Chemlabs produce the domestic cleaning solutions $A$ and $B$ by processing the raw materials for $I$ & $II$. The processing of $1$ unit of raw material $I$ costs $\text{Rs. }80$ and produces $0.5$ units of solution $A$ and $0.5$ units of solution $B$. Moreover, the processing of $1$ unit of raw material $II$ costs $\text{Rs. }50$ & produces $0.4$ units of solution $A$ and $0.6$ units of solution $B$. The daily demand for solution $A$ lies between $10$ and $15$ units and that for solution $B$ lies between $12$ & $20$ units. Formulate the L.P.P.

Answer:

Let $x$ and $y$ be no. of units of raw material $I$ and $II$ to be processed respectively.

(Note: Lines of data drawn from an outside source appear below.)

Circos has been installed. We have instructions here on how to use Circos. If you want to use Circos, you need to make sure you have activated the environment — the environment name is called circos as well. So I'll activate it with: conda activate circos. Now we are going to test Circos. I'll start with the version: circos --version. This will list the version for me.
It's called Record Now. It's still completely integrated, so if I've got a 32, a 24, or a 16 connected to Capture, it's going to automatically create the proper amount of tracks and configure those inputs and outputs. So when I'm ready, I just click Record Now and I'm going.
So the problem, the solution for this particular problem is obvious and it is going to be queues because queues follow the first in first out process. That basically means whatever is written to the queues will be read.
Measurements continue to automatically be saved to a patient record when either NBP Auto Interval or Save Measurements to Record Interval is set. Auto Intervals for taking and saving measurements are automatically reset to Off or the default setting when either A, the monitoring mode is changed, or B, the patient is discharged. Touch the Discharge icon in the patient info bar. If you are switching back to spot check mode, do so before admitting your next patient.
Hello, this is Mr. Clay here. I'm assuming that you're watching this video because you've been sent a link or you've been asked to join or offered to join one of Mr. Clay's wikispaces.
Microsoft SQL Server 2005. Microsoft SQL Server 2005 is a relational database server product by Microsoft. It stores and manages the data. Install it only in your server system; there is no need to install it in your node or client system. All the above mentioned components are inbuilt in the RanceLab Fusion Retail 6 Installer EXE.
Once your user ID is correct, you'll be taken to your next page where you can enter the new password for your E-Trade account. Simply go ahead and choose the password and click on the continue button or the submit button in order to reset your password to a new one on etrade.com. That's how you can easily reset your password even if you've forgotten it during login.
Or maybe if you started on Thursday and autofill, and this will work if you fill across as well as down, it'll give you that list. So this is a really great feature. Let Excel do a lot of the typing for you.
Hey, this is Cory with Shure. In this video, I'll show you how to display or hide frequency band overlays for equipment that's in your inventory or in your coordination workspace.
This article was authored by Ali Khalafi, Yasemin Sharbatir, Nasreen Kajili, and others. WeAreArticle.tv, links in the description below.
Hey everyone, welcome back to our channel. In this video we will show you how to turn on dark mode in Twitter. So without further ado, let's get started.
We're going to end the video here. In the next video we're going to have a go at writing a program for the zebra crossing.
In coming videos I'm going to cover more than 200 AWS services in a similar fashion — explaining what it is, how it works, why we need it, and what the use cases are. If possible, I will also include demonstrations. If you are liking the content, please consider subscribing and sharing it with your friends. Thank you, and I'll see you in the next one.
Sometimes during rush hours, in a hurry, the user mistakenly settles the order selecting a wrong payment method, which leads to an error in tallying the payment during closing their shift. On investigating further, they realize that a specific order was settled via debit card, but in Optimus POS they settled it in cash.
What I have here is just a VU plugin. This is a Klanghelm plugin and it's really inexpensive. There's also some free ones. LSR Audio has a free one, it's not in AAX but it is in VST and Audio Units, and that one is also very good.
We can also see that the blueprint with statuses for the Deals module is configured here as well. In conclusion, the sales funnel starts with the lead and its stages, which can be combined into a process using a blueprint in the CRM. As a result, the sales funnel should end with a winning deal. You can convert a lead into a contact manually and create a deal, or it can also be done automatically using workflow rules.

The objective function is $$\min z = 80x +50y.$$

Since the demand for solution $A$ lies between $10$ and $15$ units,

$$ 10 \le 0.5 x + 0.4x \le 15 \tag{1}$$

Since the demand for solution $B$ lies between $12$ and $20$ units,

$$ 12 \le 0.5 y+ 0.6 y \le 20 \tag{2}$$

Total LPP is $$\min z = 80x+50y $$ subject to

$$ 10 \le 0.9x \le 15$$ $$ 12 \le 1.1y \le 20$$ $$x, y \ge 0.$$

Is this formulation correct? Or I misunderstood the problem.

Answer 1

If I represent the given constraints using two tables, the formulation for this cost minimization problem will be clear.

\begin{array}{crrrr} \text{raw material} & \text{cost per unit} & \text{product $A$} & \text{product $B$} & \text{number of units processed} \\ I & \text{Rs. 80} & 0.5 & 0.5 & x \\ II & \text{Rs. 50} & 0.4 & 0.6 & y \end{array}

From the above table, we can see that the amount of solutions $A$ and $B$ produced are $0.5x + 0.4y$ and $0.5x + 0.6y$ respectively.

\begin{array}{crrrr} \text{product} & \text{number of units produced} & \text{min. daily demand} & \text{max. daily demand} \\ A & 0.5x + 0.4y & 10 & 15 \\ B & 0.5x + 0.6y & 12 & 20 \end{array}

Hence, the LPP should be formulated as

$$\min z= 80x + 50y$$ subject to \begin{align} 0.5x + 0.4y &\ge 10 \\ 0.5x + 0.4y &\le 15 \\ 0.5x + 0.6y &\ge 12 \\ 0.5x + 0.6y &\le 20. \end{align}